Instituto de Criminalística de Alagoas realiza exame de crime ocorrido em Sergipe

Aarão José
Perita alagoana Bárbara Fonseca explicando o funcionamento do equipamento

A Perícia Oficial do Estado de Alagoas (Poal) recebeu em sua sede no Centro de Maceió, peritos criminais do estado de Sergipe que vieram em uma missão especial. O Laboratório de Química do Instituto de Criminalística realizou um exame pericial de um caso real que está sendo investigado pela Policia Civil do estado vizinho.

A perícia realizada foi um exame residuográfico no Microscópio Eletrônico de Varredura (MEV) que permite detectar principalmente resíduos de disparo de arma de fogo em crimes contra a vida. Alagoas é um dos poucos estados da federação que possui esse tipo de equipamento, utilizado para direcionar o esclarecimento crimes de homicídios, latrocínios e suicídios.

Os peritos criminais Genilson Santos e Fabinara Dantas explicaram que o Estado de Sergipe está em processo de aquisição do equipamento MEV para o laboratório do IC sergipano.

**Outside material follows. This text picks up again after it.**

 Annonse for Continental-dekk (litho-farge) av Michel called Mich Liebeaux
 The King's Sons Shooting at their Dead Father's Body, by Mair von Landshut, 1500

Além de acompanhar o exame, os dois peritos aproveitaram a oportunidade para conhecer o equipamento e já aprender um pouco do seu funcionamento.

“Como ainda não possuímos o equipamento MEV, a Coordenadoria Geral de Perícias de Sergipe (Cogerp) entrou em contato com o chefe especial do IC de Alagoas para verificar a viabilidade do exame ser realizado aqui. Prontamente, o pedido foi aceito e hoje estamos acompanhando a realização do exame e conhecendo um pouco da dinâmica do uso do equipamento”, explicou Fabinara Vieira.

A dupla foi recebida pela perita criminal alagoana Bárbara Fonseca, responsável pela utilização do equipamento e pela realização do exame. Ela explicou que o MEV permite de forma efetiva identificar vários tipos de elementos químicos, através da análise microscópica e eletrônica de amostras coletadas visando exames em laboratório.

“O exame residuográfico realizado no MEV permite ampliar em até 100.000X imagens em alta resolução, além de realizar uma espécie de leitura eletrônica (através de elétrons) para identificar a presença de elementos como chumbo, antimônio, bário e outros. Por isso, ele se tornou um instrumento indispensável para os laboratórios de química, visto que esse tipo de análise permite uma precisão maior no resultado do laudo”. Explicou a perícia criminal alagoana.